Los grandes escenarios dan muy bien en las televisiones, pero en ellos las cosas suceden a hurtadillas. Mientras el papa saluda a las delegaciones que acuden a su entronización (me gusta poco esta palabra), lo verdaderamente importante espera en la orilla. En alguna sala aledaña. Aunque Trump, en su día, arrimó una silla, como dicen en mi pueblo, para hablar con Zelenski, en gesto más propio de una confesión. Nadie sabe aún quién absolvió a quién.

La misa del papa se compara a la primera misa del cura joven, que solía ser en su pueblo, con gran celebración y buen yantar.

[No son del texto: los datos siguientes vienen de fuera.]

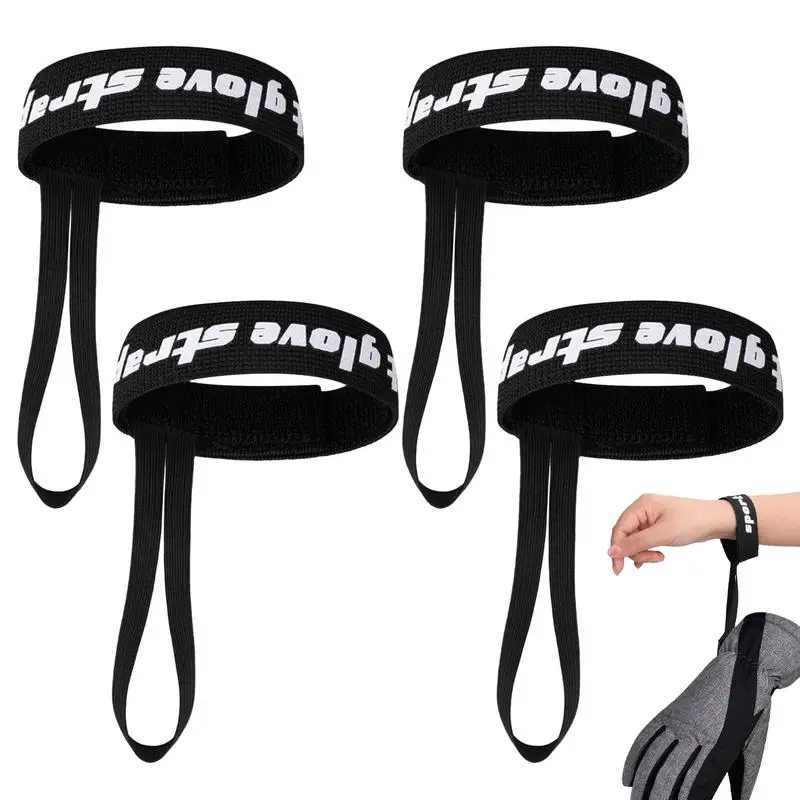 4x Ski Glove Wrist Strap Glove Holder Sport Strap Elastic Wrist Leashs For Snowboard Ski Mountaineering Outdoor Sports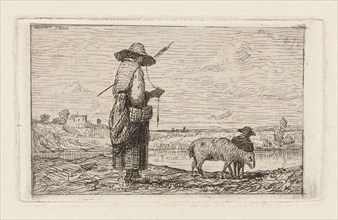 Shepherdess, 1861.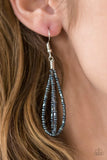 Paparazzi "Ice Storm" Blue 137XX Necklace & Earring Set Paparazzi Jewelry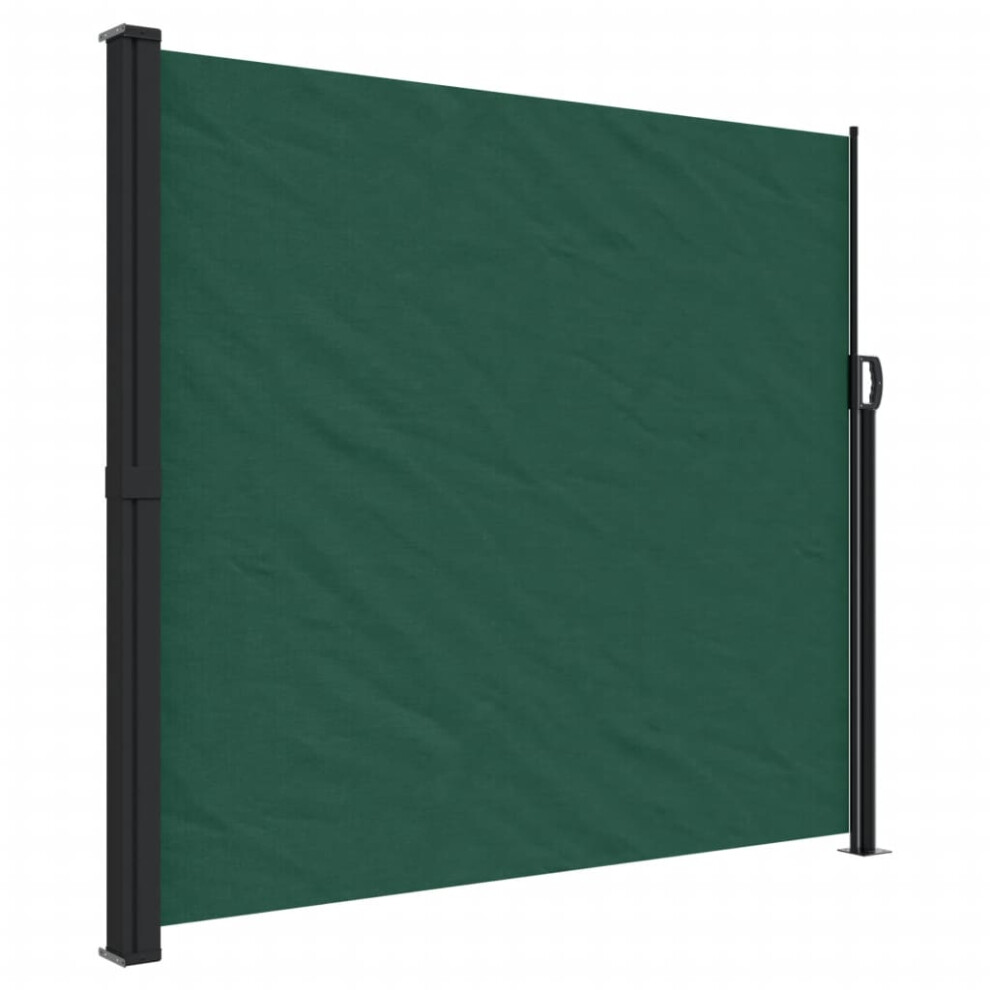 Vidaxl (180 X 500 Cm) Retractable Side Awning Outdoor Privacy Screen Balcony Sunshade Shelter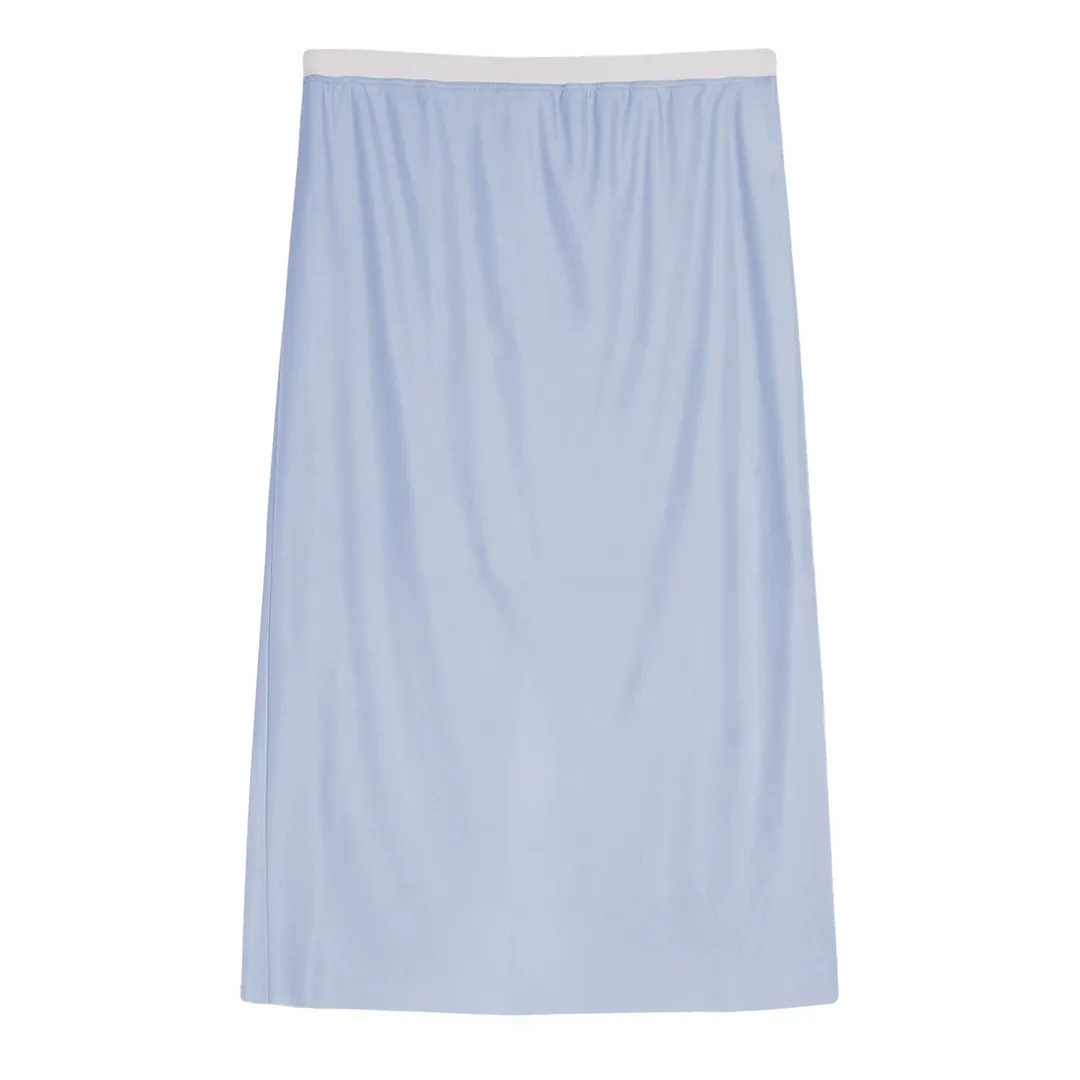 Semi-Sheer Knit Organza Midi Skirt - Image 7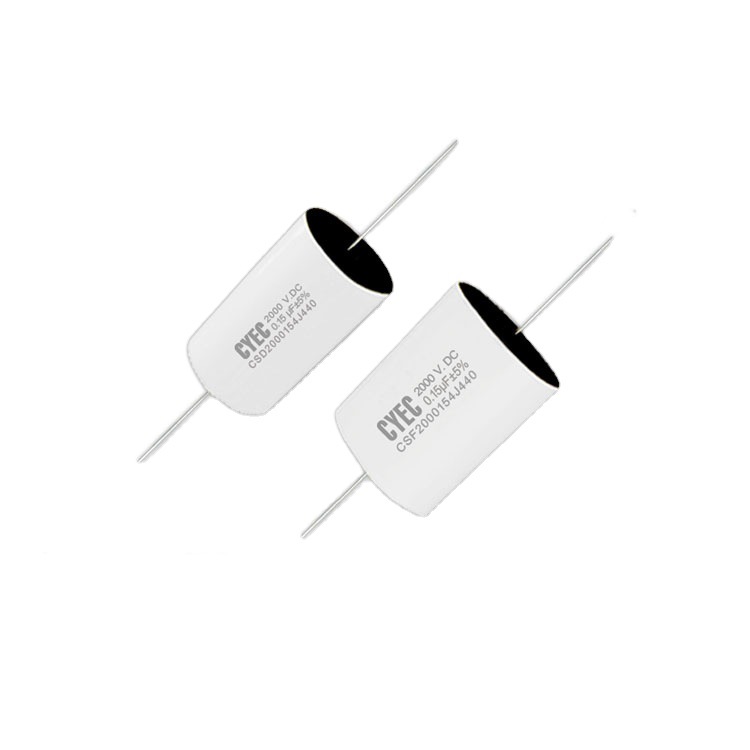 纯源CSD 0.15uF/2000VDC厂家批发扁形型双面膜扁形轴向 电容器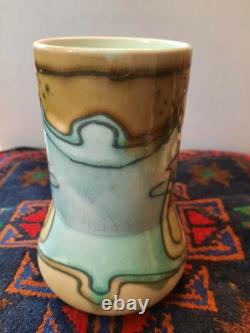 Milton Secessionist Tube Lined Art Nouveau Vase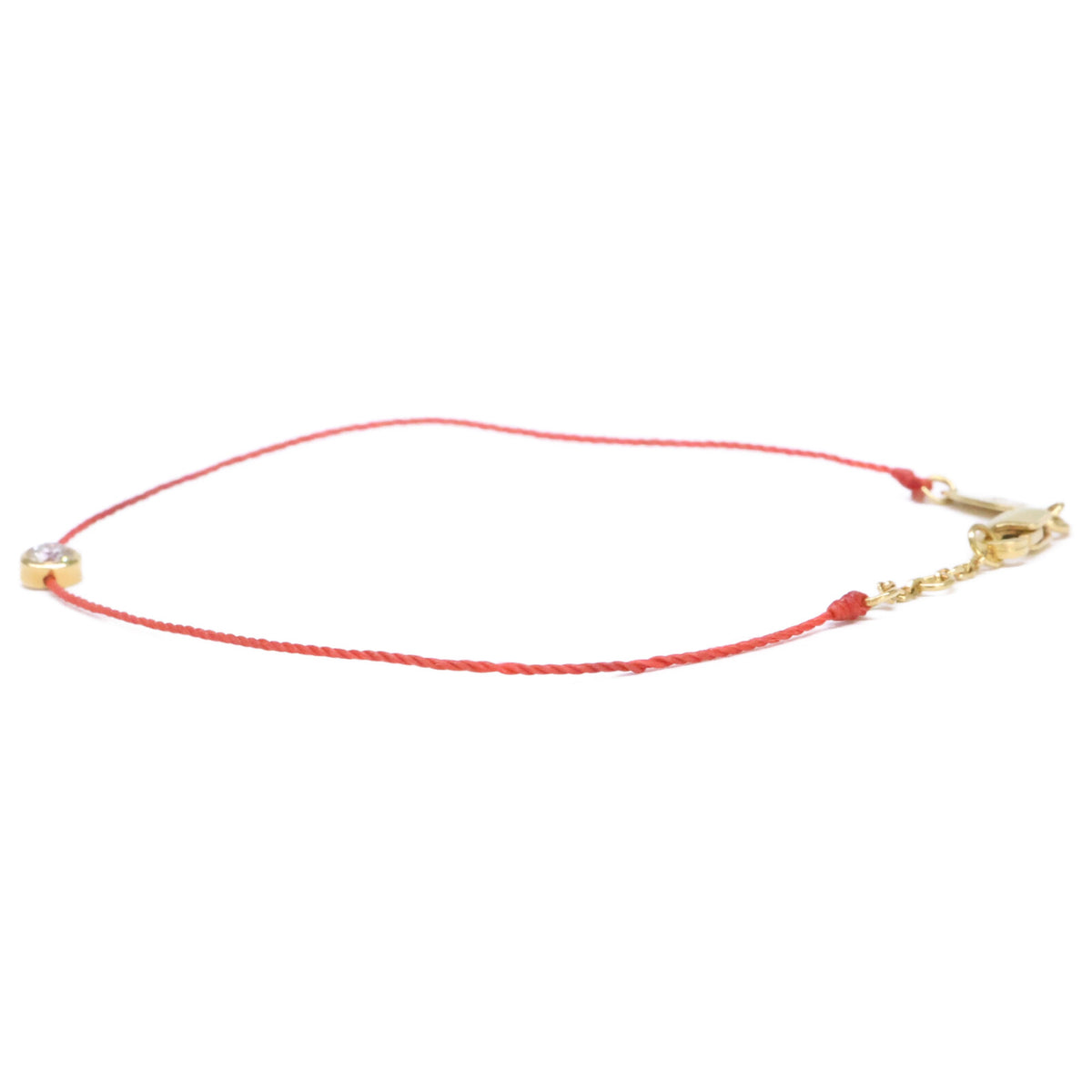 redline レッドライン 【美品】750 1Pダイヤモンド コード ブレスレット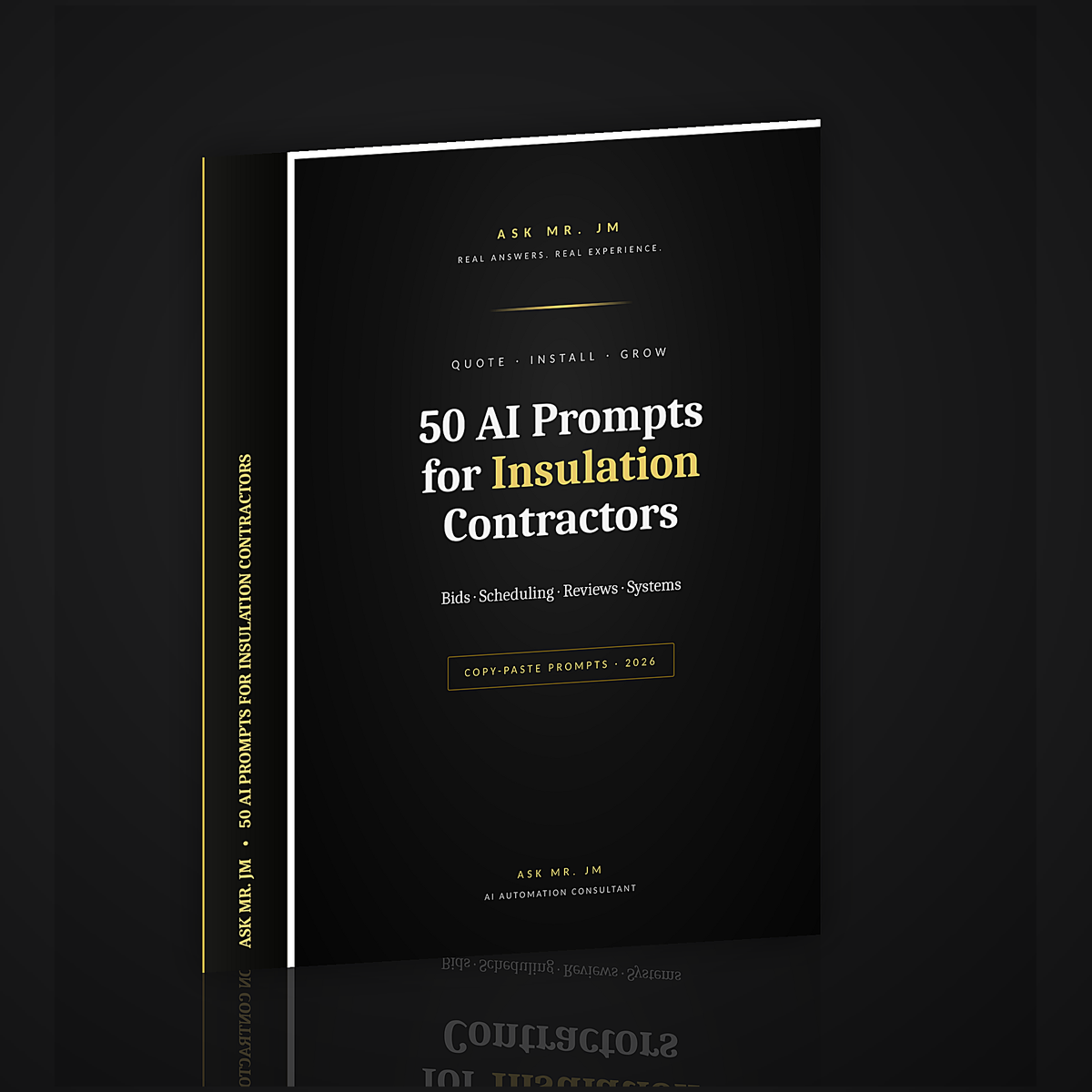 50 Copy-Paste AI Prompts for Insulation Contractors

Tenía el valor de una boda, cuando menos. La alegría del nuevo ungido no era menor que la de este papa de apariencia tan moderada que apenas esboza una pequeña sonrisa. Y va despachando a los enviados (diplomacia vaticana, toque peruano, imagino) con cierto pragmatismo, que ya se sabe lo mucho que se demoran los embajadores con sus cartas y sus frases laudatorias. Trump no fue, pero Vance empieza a ser un habitual. Aquel rifirrafe suyo con el papa, en las redes, se ha convertido ahora en devoción súbita, al menos como figurante, quizás ensimismado por el tránsito de cardenales y los jardines de alabastro.

Nosotros, en la distancia, contemplamos cómo los hilos de la política se tejen también en suelo vaticano: mientras el papa es proclamado, pasan cosas más terrenales en las grandes naves marmóreas o bajo la sombra de los baldaquinos. Por allí se cruzan mandatarios poderosísimos, aunque sólo en la Tierra, y León XIV lo sabe. En realidad, el encuentro de los líderes fue en el Palazzo Chigi, donde Meloni quiso ganarse afectos y reconocimientos.

América viene a Europa para envolverse en el rito y la inevitable solemnidad del primer papado norteamericano, pero quien oficia como moderadora (como lo oyen) es una tal Meloni, anfitriona unos metros más allá de la casa de San Pedro. Y en torno a ella se arraciman las figuras que han venido a oír cantar misa al papa, pero también a buscar un deshielo en la batalla comercial, que de negocios se habla en todas partes, y, si hubiera lugar, debería hablarse también de los muchos males que aquejan al mundo. El papa cita las guerras y el dolor, pero nadie sabe si eso llega a la política.

Los grandes escenarios nos conquistan, secuestran nuestra mirada. Vemos la ceremonia, pero poco podemos intuir de los hilos rojos que se tejen allá donde no podemos mirar. Pensé lo mismo de Eurovisión, mutatis mutandis, que también llenó el fin de semana de rito y liturgia, aunque a su manera. Un cónclave es indescifrable, pero las votaciones de Eurovisión, permítanme, no le van a la zaga. ¿Qué extraño vuelo o bendición impulsa algunas puntuaciones? ¿Y por qué maldición inextricable otras se desploman sin remedio, hasta llegar al cero absoluto en eso que llaman voto popular?

Eurovisión, que en su día pudo mostrar la modernidad y la diversidad de Europa, y más allá, parece hoy un territorio críptico que nadie comprende, aún cargado de morbo, eso sí, y de imponentes decorados. No tanto, me temo, de buena música. Eurovisión sigue ejerciendo una atracción poderosa en cierto público, es un acto celebratorio y festivo, pero cada vez más impostado e incomprensible. No deja de ser, por otro lado, una batalla entre naciones, donde a menudo se revelaron los afectos y las vecindades por encima de las calidades musicales. Mucha gente lo ve, pero no se sabe bien por qué. Quizás por el suspense, o por las actuaciones bizarras, o por quejarse, ay, de que cantamos como nunca y perdimos como (casi) siempre.